EU climate commissioner Wopke Hoekstra has said he supports an emissions reduction of “at least” 90 per cent by 2040, compared with 1990, as advised by the European Scientific Advisory Board on Climate Change in June 2023. 

As of yet, Poland’s EU priorities are not clear, adds E3G’s Dufour, but she sees Warsaw as a more constructive voice on climate action than Hungary when it takes over the EU council presidency in January 2025.

Dufour believes Poland could be a useful negotiator on industrial climate policy, including in discussions involving the greening of EU grids and the adoption of heat pumps, as the government under Tusk is eager to progress its energy transition.

Nonetheless, Poland’s energy market is still heavily dependent on coal, and in 2023 the country’s previous government filed a set of lawsuits against EU climate regulations in the Court of Justice of the European Union.

Poland could potentially negotiate the dropping of these lawsuits for other gains, such as concessions regarding its clash with the EU on Ukraine grain imports, suggests IEEP’s Oger. Poland and Ukraine have been in disagreement regarding the import of Ukrainian grain through Poland since the Black Sea has been out of bounds, with Warsaw arguing the trade damages Polish farmers.

Outstanding regulations

The majority of EU legislation related to the Green Deal was secured at the end of 2023, but a few dossiers remain outstanding. Aside from the 2040 climate target, agreement on the Net Zero Industry Act is still needed, which the current Belgian presidency will aim to finalise, says E3G’s Dufour.

IEEP’s Oger says that after February, little to no major climate decisions are expected, as politicians focus on the elections. He points at the planned regulation on pesticide reduction (known as SUR), a ban on products made using forced labour, and the confirmation of the EU’s heavily contested nature restoration law among the remaining legislative topics to be finalised by the current administration.

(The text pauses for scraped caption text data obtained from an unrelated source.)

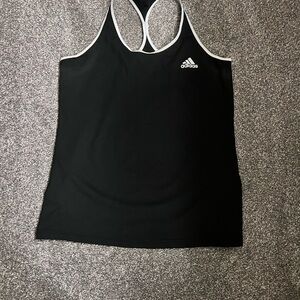 adidas Black Racerback Tank with White Trim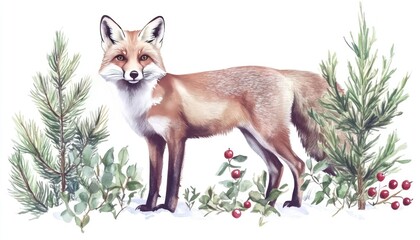 A beautiful red fox standing gracefully among pine trees and greenery, surrounded by festive red berries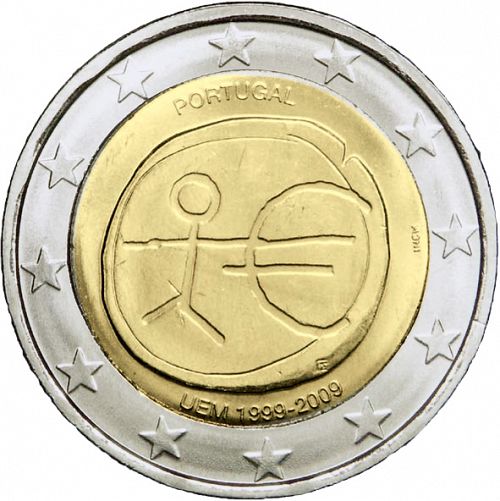 2 € Obverse Image minted in PORTUGAL in 2009 (10th Anniversary of Economic and Monetary Union)  - The Coin Database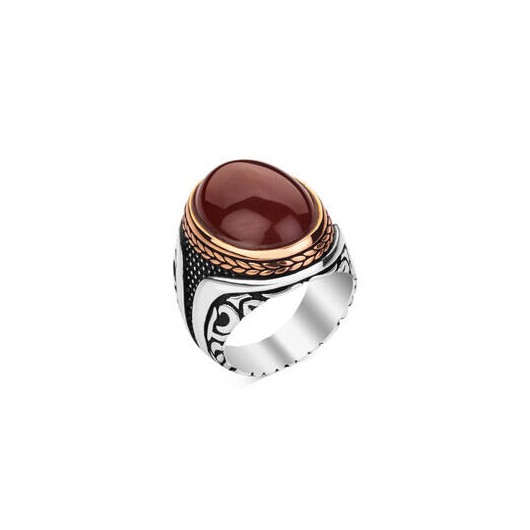 Men's Silver Ring With Dark Red Agate Stone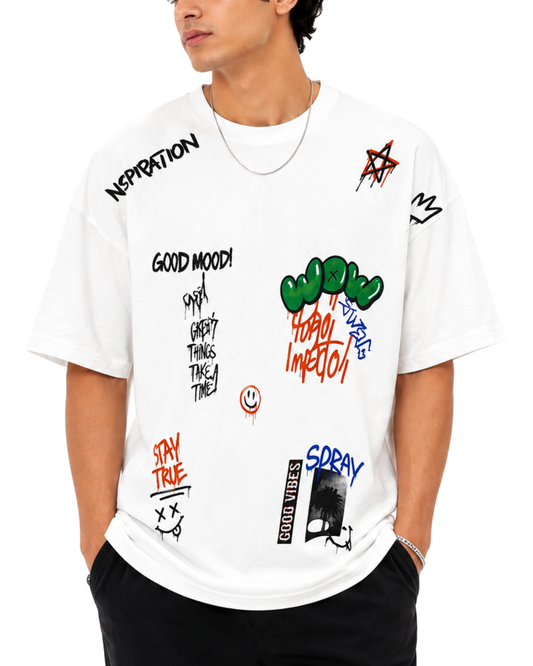 Men’s Oversized Drop Shoulder Cotton T-Shirt | Graffiti Streetwear White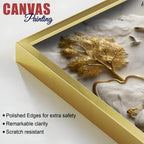 Tranquil Deer in White & Golden Forest 3D Canvas Wall Painting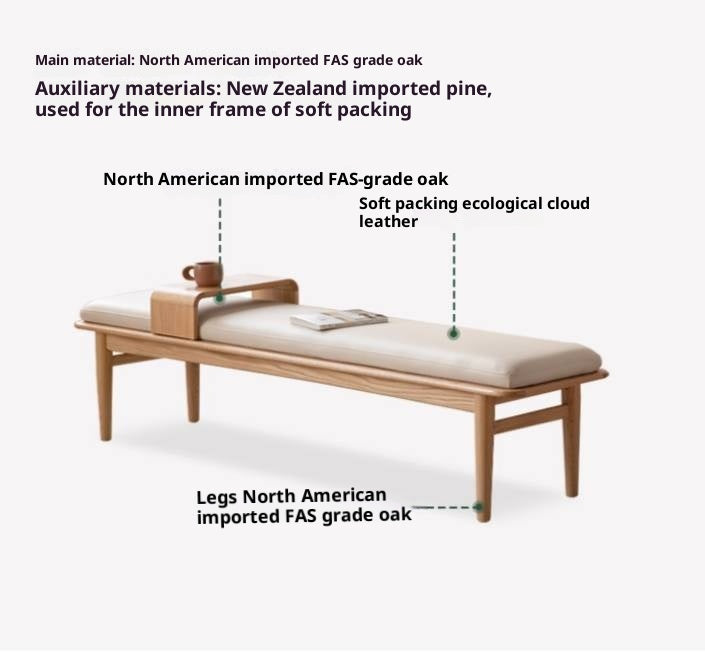 Oak Solid Wood Modern Long Soft Bench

The future of the EU Green Deal will heavily depend on the outcomes of the elections, although experts agree that the focus should shift from legislation to implementation, which will have its own difficulties.

Łoskot-Strachota at Bruegel highlights the return of the nuclear question led by France, which has made clear its intention to prioritise nuclear as a low-carbon energy source. “Half of EU member states,” including Poland and Hungary, “have an interest in facilitating investment in and financing new nuclear power plants,” she says.

A legislative pathway to decarbonise the agriculture sector is also still missing in the EU’s framework, say both Dufour and Oger. The EU’s announced Farm to Fork strategy, which would include a legislative framework on sustainable food systems, saw little progress during the current commission’s mandate.

Overall, both Dufour and Oger remain optimistic about the EU’s progress towards net zero. Even if the centre of gravity of the European parliament’s majority were to shift to the right, they suggest that environmental policymaking could still expand, albeit under a different name.

A more conservative parliament could focus more on security and competition issues in industrial strategies, where wins on climate can still be scored, according to Dufour, who concludes that “a lot can be done under different scenarios”.